The cats have it right -- find something flat and lie down on it until evening, when it's bound to be at least a little cooler. Gypsy has staked her claim on the bathroom's cool tile floor. Noodle, not as experienced, has chosen the rug in our room. What's-Her-Name is outside under the picnic table.
I join Noodle in the bedroom and log a full two hours of oblivion. Q claims the couch downstairs and does the same. With a pang -- but only a slight one -- I think of friends in their offices or on the train, friends descending the subway stairs to the airless platform. It is not fair that I get to take a nap in the middle of the hot day and they do not. But, on the other hand, would my staying awake out here make it any better for them? No, it would not.
I alternate my naps with brief showers. I do not dry myself off -- I let the water evaporate on me and I am downright cool.
What shall we have for dinner? Q asks. Something cool, I reply immediately, and we settled on cold poached salmon with dill, cucumbers in yoghurt, sliced yellow squash (steamed just a bit) and strawberries for dessert.
The general store in our town was not air-conditioned -- nothing was, in those days. At the front of the store there was a large red chest cooler for soft drinks -- icy water, the coldest water I'd ever encountered, kept them cold. We'd lift the metal lid and reach down into the water as far as we could, and we would stand there like that until the storekeeper told us to get out of there if we weren't going to buy something. We would mop our faces with the drops of water as we left the store. Then we would walk halfway home and sit on the little stone wall surrounding the storm drain, looking up at the sky through the lace that the leaves of the trees made.
Heat is only a moment. You can take care of it in that moment, and then you can take care of it in the next one. You can nap or splash your face with water or take a shower or be still and gaze at the blue sky through a tracery of leaves.
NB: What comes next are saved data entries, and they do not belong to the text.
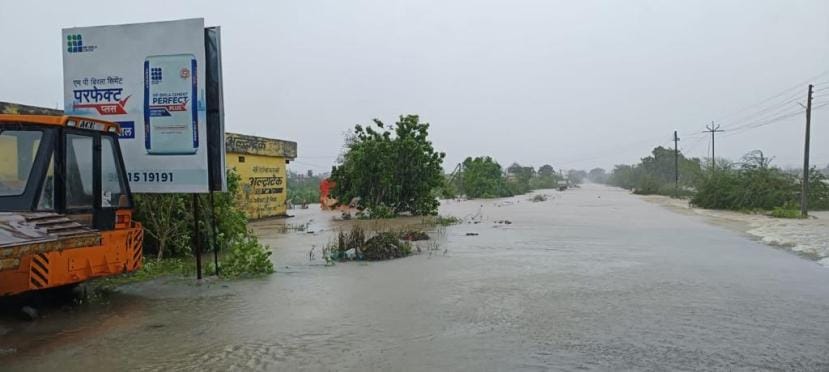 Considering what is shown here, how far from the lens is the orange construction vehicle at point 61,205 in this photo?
5820mm

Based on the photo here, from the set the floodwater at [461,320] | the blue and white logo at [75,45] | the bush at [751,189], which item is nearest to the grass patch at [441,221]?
the floodwater at [461,320]

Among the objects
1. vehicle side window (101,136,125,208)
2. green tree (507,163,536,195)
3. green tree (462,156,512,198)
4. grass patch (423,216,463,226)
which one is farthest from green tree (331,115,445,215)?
green tree (507,163,536,195)

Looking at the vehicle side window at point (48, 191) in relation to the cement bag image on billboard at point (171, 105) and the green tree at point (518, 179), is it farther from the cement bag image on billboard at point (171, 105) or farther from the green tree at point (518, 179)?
the green tree at point (518, 179)

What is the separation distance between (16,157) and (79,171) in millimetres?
694

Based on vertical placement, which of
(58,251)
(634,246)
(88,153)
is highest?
(88,153)

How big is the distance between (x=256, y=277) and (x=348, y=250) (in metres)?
2.84

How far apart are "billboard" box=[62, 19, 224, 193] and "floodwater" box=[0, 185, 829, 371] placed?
1.78 metres

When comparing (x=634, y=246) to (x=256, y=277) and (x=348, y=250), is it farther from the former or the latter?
(x=256, y=277)

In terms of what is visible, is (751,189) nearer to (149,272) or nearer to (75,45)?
(149,272)

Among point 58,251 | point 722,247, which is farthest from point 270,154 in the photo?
point 58,251

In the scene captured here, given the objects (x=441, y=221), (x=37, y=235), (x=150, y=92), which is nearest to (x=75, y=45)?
(x=150, y=92)

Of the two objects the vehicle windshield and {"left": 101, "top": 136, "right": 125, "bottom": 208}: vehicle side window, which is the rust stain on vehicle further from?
{"left": 101, "top": 136, "right": 125, "bottom": 208}: vehicle side window

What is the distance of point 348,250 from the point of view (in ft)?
40.5

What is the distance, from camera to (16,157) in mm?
6730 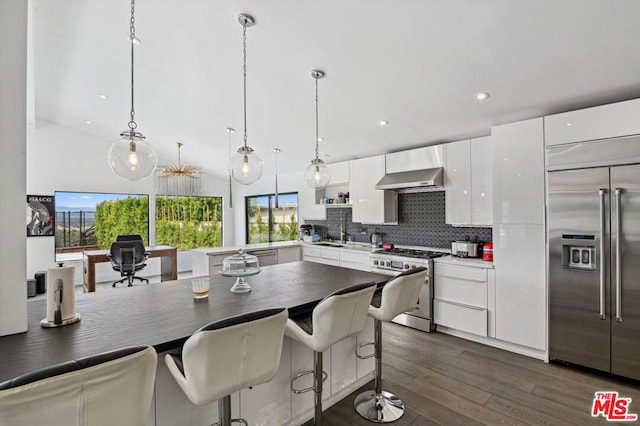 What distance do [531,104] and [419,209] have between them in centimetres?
194

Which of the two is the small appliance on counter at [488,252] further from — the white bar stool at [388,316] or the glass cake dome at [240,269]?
the glass cake dome at [240,269]

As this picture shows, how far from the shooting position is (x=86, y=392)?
35.4 inches

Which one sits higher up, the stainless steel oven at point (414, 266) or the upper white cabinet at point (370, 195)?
the upper white cabinet at point (370, 195)

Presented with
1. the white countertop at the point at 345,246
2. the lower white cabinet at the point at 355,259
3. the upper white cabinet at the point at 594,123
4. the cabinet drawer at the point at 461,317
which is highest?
the upper white cabinet at the point at 594,123

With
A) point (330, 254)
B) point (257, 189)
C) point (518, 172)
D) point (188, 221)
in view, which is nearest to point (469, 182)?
point (518, 172)

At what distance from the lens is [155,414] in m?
1.48

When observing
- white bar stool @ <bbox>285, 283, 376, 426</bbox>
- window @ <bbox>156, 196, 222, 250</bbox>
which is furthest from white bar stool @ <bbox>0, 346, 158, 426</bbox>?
window @ <bbox>156, 196, 222, 250</bbox>

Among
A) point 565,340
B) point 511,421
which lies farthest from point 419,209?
point 511,421

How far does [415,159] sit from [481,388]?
2750 millimetres

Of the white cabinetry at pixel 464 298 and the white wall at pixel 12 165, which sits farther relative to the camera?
the white cabinetry at pixel 464 298

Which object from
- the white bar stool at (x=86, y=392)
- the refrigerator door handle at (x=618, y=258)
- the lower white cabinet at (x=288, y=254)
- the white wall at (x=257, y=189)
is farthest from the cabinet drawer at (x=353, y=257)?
the white bar stool at (x=86, y=392)

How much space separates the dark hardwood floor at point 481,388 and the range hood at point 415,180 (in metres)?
1.93

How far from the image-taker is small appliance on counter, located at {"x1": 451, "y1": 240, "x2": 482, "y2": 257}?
3.68 metres

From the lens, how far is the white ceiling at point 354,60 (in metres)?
2.09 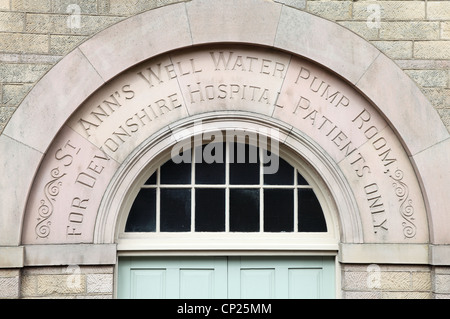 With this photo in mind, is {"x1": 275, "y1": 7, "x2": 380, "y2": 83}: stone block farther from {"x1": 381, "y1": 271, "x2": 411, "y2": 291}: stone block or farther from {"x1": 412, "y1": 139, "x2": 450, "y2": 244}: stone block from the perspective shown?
{"x1": 381, "y1": 271, "x2": 411, "y2": 291}: stone block

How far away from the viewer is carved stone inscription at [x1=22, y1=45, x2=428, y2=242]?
6805mm

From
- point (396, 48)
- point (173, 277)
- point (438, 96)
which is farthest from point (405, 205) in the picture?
point (173, 277)

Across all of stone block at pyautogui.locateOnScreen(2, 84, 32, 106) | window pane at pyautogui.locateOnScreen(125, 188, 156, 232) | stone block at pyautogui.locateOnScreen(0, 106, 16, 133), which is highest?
stone block at pyautogui.locateOnScreen(2, 84, 32, 106)

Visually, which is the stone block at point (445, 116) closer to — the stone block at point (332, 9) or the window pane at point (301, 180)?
the stone block at point (332, 9)

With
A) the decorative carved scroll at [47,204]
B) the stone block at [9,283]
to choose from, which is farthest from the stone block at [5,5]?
the stone block at [9,283]

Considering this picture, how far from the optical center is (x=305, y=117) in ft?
22.6

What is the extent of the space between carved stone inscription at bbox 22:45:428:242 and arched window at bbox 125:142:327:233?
53 cm

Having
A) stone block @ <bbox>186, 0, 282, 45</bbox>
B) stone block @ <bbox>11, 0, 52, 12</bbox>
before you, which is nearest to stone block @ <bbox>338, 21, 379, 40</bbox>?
stone block @ <bbox>186, 0, 282, 45</bbox>

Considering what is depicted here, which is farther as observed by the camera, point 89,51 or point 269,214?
point 269,214

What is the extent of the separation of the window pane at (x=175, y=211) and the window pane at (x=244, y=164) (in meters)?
0.57

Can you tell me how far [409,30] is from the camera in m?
6.92

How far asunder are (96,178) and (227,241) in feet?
5.02
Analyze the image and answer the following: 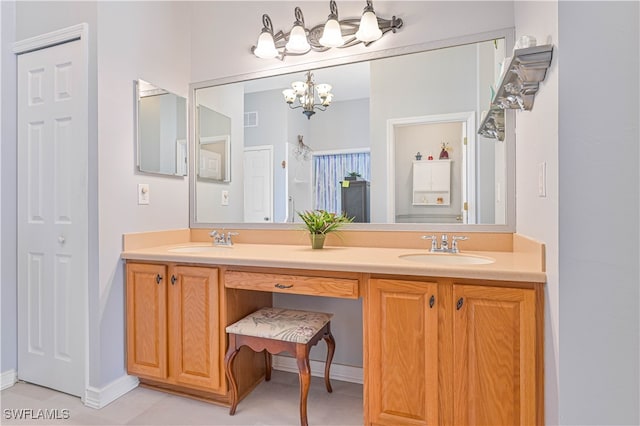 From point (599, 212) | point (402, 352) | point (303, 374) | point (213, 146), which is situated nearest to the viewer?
point (599, 212)

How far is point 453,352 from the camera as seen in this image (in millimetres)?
1335

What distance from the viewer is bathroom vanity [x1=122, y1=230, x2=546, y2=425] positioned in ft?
4.14

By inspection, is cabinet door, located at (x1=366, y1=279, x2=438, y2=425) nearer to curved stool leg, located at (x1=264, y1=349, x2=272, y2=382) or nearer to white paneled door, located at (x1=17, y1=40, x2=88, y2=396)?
curved stool leg, located at (x1=264, y1=349, x2=272, y2=382)

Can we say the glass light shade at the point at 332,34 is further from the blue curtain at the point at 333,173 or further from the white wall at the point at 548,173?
the white wall at the point at 548,173

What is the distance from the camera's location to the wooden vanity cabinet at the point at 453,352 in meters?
1.24

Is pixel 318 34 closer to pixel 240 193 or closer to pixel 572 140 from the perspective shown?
pixel 240 193

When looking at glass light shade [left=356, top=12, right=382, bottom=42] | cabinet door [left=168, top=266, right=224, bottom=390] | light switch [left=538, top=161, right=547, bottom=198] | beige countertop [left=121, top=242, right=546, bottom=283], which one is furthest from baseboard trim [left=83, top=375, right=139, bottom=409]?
glass light shade [left=356, top=12, right=382, bottom=42]

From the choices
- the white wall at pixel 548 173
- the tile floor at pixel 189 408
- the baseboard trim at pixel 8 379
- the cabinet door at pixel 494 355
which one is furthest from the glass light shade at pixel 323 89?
the baseboard trim at pixel 8 379

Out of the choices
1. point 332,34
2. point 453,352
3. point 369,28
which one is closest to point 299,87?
point 332,34

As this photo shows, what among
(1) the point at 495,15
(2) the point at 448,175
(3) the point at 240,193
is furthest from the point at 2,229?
(1) the point at 495,15

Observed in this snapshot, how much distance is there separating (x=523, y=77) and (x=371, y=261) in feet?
2.94

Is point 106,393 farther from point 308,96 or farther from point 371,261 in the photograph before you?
point 308,96

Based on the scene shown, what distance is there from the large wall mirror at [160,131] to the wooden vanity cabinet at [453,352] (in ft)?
5.19

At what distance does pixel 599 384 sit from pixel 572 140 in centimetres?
68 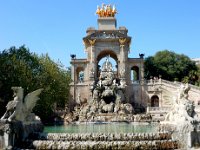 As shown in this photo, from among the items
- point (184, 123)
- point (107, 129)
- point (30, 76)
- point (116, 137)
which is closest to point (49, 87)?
point (30, 76)

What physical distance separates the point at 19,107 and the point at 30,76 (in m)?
17.5

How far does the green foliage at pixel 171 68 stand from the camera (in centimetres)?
7119

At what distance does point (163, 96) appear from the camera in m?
57.8

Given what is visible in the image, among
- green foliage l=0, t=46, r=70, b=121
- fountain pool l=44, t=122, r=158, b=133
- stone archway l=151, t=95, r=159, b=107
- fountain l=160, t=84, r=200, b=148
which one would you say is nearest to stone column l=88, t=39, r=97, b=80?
green foliage l=0, t=46, r=70, b=121

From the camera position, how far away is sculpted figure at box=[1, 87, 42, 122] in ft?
67.4

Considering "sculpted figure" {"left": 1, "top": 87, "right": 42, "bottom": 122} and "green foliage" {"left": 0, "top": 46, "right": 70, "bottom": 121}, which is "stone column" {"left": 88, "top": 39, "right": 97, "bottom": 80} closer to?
"green foliage" {"left": 0, "top": 46, "right": 70, "bottom": 121}

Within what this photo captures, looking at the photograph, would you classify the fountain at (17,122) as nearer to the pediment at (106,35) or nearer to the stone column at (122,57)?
the stone column at (122,57)

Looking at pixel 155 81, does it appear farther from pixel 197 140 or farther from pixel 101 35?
pixel 197 140

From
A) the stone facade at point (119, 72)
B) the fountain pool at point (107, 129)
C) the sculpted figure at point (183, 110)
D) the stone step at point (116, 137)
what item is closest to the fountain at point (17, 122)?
the stone step at point (116, 137)

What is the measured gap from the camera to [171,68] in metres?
71.6

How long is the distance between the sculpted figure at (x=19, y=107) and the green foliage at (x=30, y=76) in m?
11.5

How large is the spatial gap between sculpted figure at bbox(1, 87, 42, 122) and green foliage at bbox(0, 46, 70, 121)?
1150 cm

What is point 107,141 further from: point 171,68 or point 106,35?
point 171,68

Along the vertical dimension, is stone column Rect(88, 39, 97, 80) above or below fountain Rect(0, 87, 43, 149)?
above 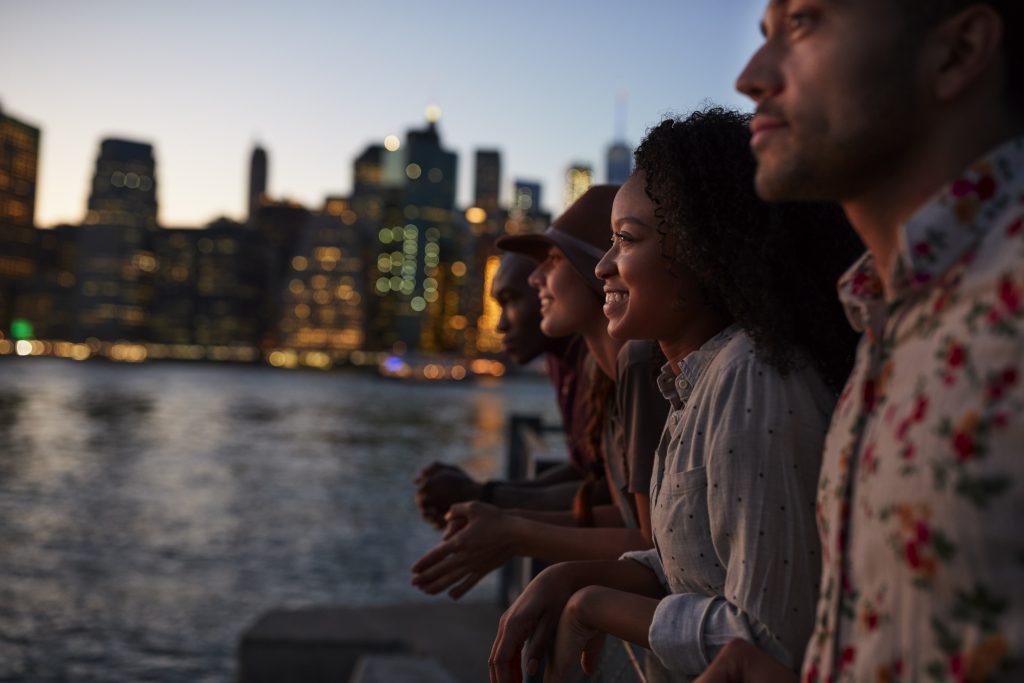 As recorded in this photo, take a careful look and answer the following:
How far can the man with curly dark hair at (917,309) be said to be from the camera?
3.51 feet

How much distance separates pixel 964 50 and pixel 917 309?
311 mm

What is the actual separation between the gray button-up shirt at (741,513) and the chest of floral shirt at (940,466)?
0.97 ft

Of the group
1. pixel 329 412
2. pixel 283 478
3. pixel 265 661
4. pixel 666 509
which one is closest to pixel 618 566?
pixel 666 509

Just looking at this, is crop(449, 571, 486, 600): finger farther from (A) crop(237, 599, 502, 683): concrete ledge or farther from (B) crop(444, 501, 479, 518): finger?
(A) crop(237, 599, 502, 683): concrete ledge

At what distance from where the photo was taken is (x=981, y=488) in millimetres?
1058

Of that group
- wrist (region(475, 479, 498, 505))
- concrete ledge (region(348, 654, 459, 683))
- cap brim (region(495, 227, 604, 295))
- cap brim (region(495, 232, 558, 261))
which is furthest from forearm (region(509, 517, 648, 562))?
concrete ledge (region(348, 654, 459, 683))

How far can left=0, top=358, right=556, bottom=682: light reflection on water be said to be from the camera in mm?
12594

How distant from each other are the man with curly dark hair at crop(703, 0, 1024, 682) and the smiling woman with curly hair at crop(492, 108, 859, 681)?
0.87ft

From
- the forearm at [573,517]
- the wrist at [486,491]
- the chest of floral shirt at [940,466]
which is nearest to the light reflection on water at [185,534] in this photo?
the wrist at [486,491]

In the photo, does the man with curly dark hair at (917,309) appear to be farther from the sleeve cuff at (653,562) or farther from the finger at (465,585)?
the finger at (465,585)

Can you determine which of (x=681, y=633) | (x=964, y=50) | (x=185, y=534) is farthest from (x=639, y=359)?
(x=185, y=534)

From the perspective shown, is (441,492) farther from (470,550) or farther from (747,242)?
(747,242)

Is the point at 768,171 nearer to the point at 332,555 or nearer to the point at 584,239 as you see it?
the point at 584,239

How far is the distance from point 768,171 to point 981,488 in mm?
518
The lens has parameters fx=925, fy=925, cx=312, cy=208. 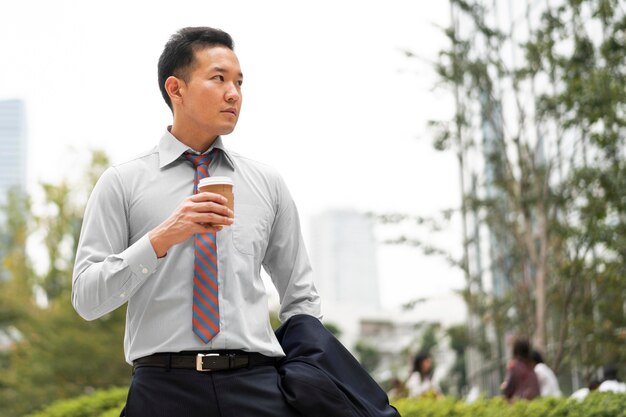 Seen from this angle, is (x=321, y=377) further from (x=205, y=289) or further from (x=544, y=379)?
(x=544, y=379)

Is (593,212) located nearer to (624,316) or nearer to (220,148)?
(624,316)

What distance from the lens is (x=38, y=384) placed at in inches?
925

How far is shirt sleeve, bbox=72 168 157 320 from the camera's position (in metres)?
2.25

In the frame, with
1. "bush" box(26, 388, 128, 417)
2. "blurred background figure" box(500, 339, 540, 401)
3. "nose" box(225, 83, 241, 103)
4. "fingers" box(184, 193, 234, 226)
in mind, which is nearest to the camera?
"fingers" box(184, 193, 234, 226)

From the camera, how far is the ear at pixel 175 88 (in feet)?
8.57

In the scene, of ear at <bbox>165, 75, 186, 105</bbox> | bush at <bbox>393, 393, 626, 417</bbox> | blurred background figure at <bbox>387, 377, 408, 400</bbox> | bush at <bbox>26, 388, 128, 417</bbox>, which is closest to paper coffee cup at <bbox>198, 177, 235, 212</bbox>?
ear at <bbox>165, 75, 186, 105</bbox>

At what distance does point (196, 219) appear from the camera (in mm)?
2174

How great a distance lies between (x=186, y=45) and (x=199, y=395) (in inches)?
38.6

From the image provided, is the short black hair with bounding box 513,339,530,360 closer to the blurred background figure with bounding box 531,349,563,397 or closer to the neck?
the blurred background figure with bounding box 531,349,563,397

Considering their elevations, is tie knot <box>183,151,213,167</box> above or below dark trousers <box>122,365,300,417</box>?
above

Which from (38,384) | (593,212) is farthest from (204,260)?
(38,384)

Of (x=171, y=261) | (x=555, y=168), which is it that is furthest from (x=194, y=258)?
(x=555, y=168)

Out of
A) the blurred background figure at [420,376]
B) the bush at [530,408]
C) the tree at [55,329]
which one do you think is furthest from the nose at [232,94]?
the tree at [55,329]

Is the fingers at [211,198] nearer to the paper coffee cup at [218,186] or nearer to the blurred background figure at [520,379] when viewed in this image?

Panic about how hot it is or how hot it's going to get makes you hotter, and you don't notice the tiny breeze that whispers over you now and then, don't notice how efficient a cooling mechanism your own sweat is, don't notice how cooling even a tepid glass of water is as it washes down your esophagus, softening it as it goes.
Beautiful things and hard things are the same in that respect: they are lived moment to moment. You can't bank them, nor can you evade them, by borrowing ahead on them -- they subsist only in their moments. And their moments all pass.
So enjoy the moment, or endure it. And note its brevity: for good or ill, you will not prolong it.